South Sudan says Sudanese warplanes have bombed its territory, killing at least one civilian and injuring several others.
Army spokesman Philip Aguer told reporters Wednesday that Sudanese planes bombed the Bahr al Ghazal area of South Sudan, near the countries' shared border, on Tuesday.
The French news agency quotes a Sudanese army spokesman as saying Sudan attacked an area near the border but not in South Sudanese territory.
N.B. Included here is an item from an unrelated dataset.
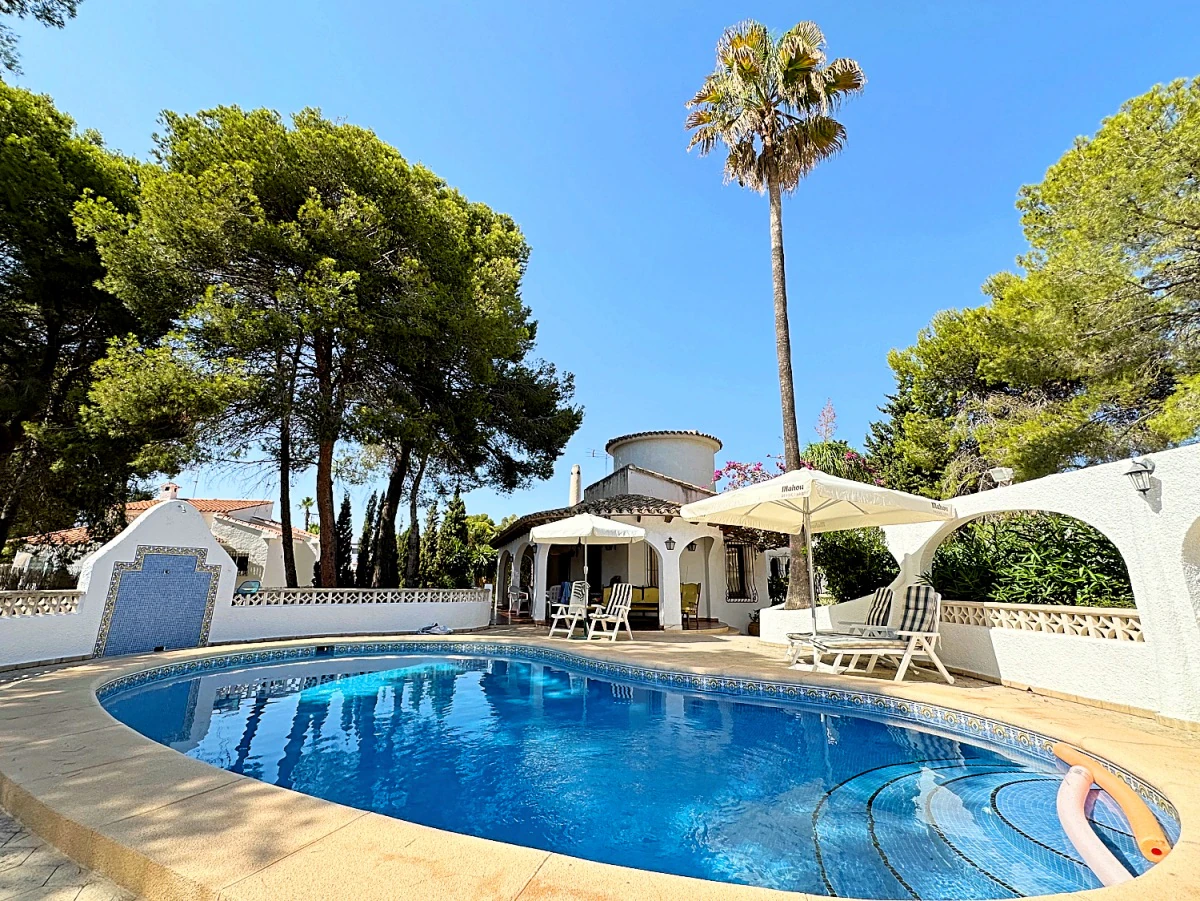 C350 - En zona de Los Pinos Si te identificas con el estilo mediterráneo...Esta es tu casa!!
The spokesman said the attack targeted a compound set up by Darfur rebels in al-Regaibat, 40 kilometers north of the border.
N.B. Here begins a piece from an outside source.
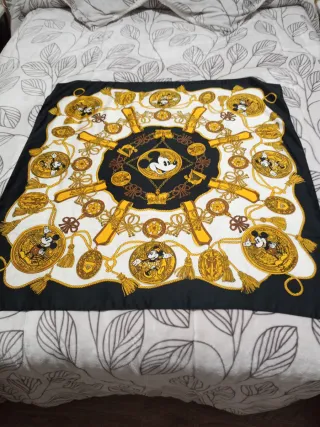Pañuelo Disney Mickey Mouse Dorado Negro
The attack comes amid delays in implementing security and oil deals the two Sudans signed in September, after fighting along their disputed border earlier in the year.
The deals call for resumption of southern oil exports through the north, a move that would greatly benefit both economies.
South Sudan shut down all oil production in January after a dispute with Khartoum over how much it pays to use Sudan's pipelines and a port.
The September deal, mediated by the African Union, includes a demilitarized buffer zone at the shared border. But the two nations have not agreed on a way to move their forces back from the unmarked border.
Sudan and South Sudan went to the brink of war in April after the south occupied a northern oilfield. Relations between the two countries have been mostly rocky since the South declared independence last year.